Already renowned as a healthy treat when enjoyed in moderation, chocolate could become even more salubrious if manufacturers embraced new technology for making "fruit-juice-infused chocolate," a scientist said here today. The presentation was part of the 245th National Meeting & Exposition of the American Chemical Society, the world's largest scientific society, which continues through Thursday.

Stefan A. F. Bon, Ph.D., who led the research, explained that the technology would allow manufacture of chocolate with fruit juice, vitamin C water or diet cola replacing up to 50 percent of the fat. The juice is in the form of micro-bubbles that help chocolate retain the lush, velvety "mouth-feel" - the texture that is firm and snappy to the bite and yet melts in the mouth. The process also prevents "sugar bloom," the unappetizing white film that coats the surface of chocolate that has been on the shelf for a while.

"We have established the chemistry that's a starting point for healthier chocolate confectionary," Bon said. "This approach maintains the things that make chocolate 'chocolatey', but with fruit juice instead of fat. Now we're hoping the food industry will take the next steps and use the technology to make tasty, lower-fat chocolate bars and other candy."

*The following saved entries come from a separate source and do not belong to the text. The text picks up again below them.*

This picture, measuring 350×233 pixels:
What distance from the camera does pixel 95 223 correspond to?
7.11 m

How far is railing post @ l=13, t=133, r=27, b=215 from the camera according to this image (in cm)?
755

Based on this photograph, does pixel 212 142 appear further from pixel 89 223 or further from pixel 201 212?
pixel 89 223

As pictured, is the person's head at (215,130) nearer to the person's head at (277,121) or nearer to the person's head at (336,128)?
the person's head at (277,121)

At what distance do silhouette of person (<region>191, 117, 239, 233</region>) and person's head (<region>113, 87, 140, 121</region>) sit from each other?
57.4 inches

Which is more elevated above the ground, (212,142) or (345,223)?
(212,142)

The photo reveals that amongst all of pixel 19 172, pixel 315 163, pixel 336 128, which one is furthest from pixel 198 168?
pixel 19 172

Chocolate's high fat and sugar content is a downside, compared to its high levels of healthful plant-based substances termed antioxidants or flavonoids, Bon explained. A 2-ounce serving of premium dark chocolate may contain 13 grams of fat ― 20 percent of the total daily fat recommended for a person who eats 2,000 calories per day. Much of that fat is the unhealthy saturated variety. Substituting fruit juice or cola also reduces the overall sugar content of the candy.

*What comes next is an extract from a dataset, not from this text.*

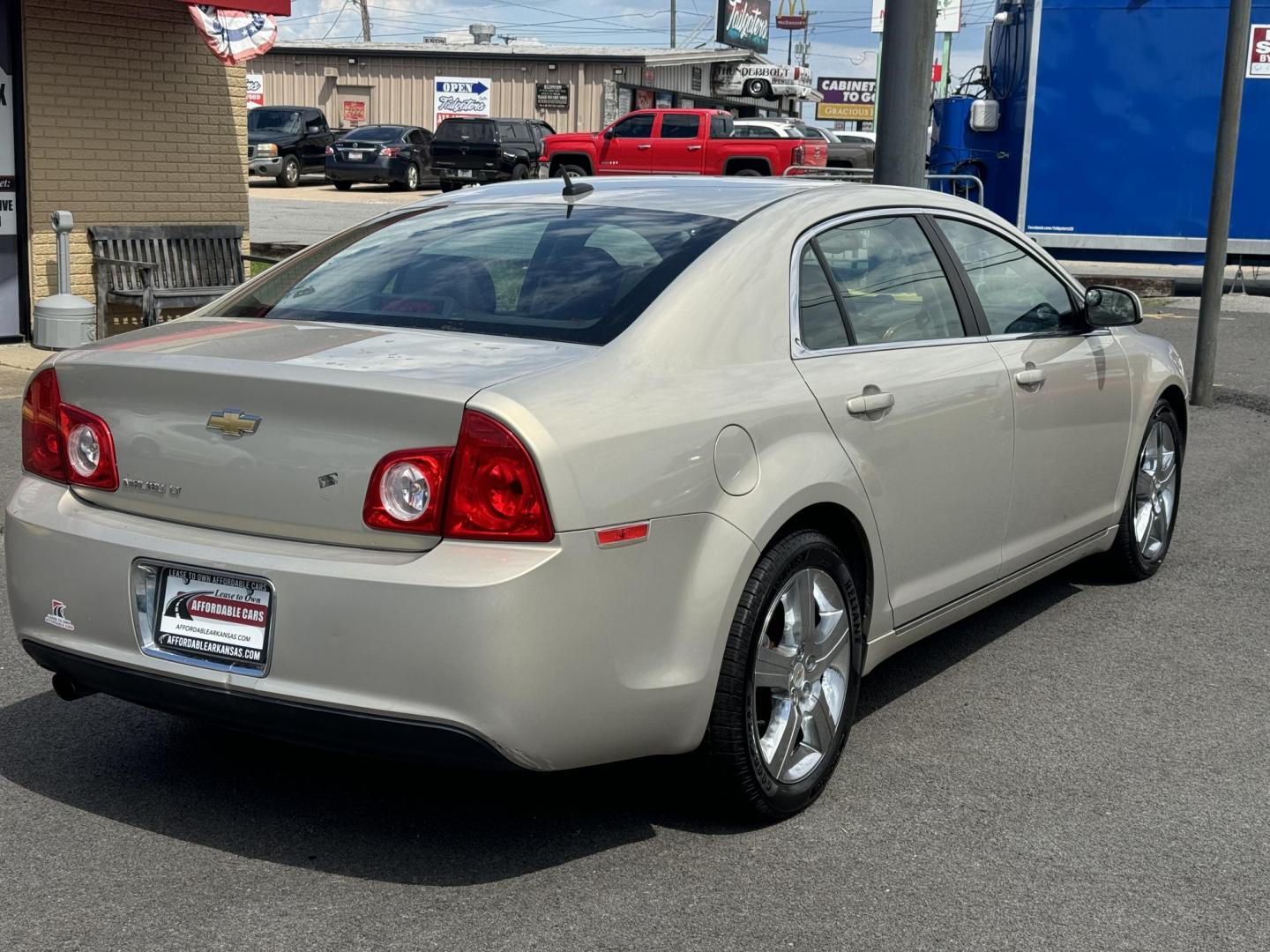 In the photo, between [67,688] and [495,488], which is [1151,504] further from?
[67,688]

The technology works with dark, milk and white chocolate. Bon's team at the University of Warwick in the United Kingdom has made chocolate infused with apple, orange and cranberry juice.

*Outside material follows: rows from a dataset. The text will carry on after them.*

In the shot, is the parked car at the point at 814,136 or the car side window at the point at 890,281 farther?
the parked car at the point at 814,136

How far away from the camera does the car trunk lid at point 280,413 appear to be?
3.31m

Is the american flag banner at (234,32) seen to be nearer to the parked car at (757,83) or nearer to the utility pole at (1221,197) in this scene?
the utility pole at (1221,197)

"Fruit-juice-infused candy tastes like an exciting hybrid between traditional chocolate and a chocolate-juice confectionary," he said. "Since the juice is spread out in the chocolate, it doesn't overpower the taste of the chocolate. We believe that the technology adds an interesting twist to the range of chocolate confectionary products available," according to Bon. "The opportunity to replace part of the fat matrix with water-based juice droplets allows for greater flexibility and tailoring of both the overall fat and sugar content."

Bon's team used fruit juices and other food-approved ingredients to form a Pickering emulsion, named for British chemist Percival Spencer Umfreville Pickering. In 1907, Pickering discovered a new way to stabilize emulsions ― combinations of liquids like the egg yolk and oil in mayonnaise that normally would not mix together. Chocolate is an emulsion of cocoa butter and water or milk combined with cocoa powder. Lecithin appears on the ingredient label in many chocolates because it is an emulsifier that fosters the process. Pickering's method used solid particles rather than an emulsifier, and Bon's team embraced that century-old approach in their work.